Across all the records, filter for lines with the word "photo" and copy them.

■ Record extracts ■
===============

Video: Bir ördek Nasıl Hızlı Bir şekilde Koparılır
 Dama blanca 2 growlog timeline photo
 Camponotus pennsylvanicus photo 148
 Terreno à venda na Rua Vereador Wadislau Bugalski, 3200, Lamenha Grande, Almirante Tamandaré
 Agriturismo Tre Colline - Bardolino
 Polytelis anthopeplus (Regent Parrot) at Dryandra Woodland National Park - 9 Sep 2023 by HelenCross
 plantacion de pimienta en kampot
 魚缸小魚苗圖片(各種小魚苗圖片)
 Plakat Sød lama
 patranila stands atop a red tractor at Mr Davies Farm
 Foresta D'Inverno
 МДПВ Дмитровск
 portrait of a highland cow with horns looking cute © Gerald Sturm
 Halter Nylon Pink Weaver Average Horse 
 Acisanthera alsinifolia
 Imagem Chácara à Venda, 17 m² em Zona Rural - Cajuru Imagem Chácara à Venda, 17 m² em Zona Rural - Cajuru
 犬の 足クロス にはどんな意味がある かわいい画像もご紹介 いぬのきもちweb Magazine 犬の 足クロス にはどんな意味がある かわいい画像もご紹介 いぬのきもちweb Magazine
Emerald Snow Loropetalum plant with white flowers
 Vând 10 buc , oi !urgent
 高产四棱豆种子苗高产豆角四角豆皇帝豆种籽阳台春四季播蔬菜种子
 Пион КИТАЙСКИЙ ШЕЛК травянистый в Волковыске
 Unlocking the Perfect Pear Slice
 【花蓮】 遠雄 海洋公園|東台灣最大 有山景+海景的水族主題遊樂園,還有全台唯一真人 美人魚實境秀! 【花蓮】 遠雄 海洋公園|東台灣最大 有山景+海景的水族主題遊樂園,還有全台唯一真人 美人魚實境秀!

===============

■ Answer to the exercise ■
 Dama blanca 2 growlog timeline photo
 Camponotus pennsylvanicus photo 148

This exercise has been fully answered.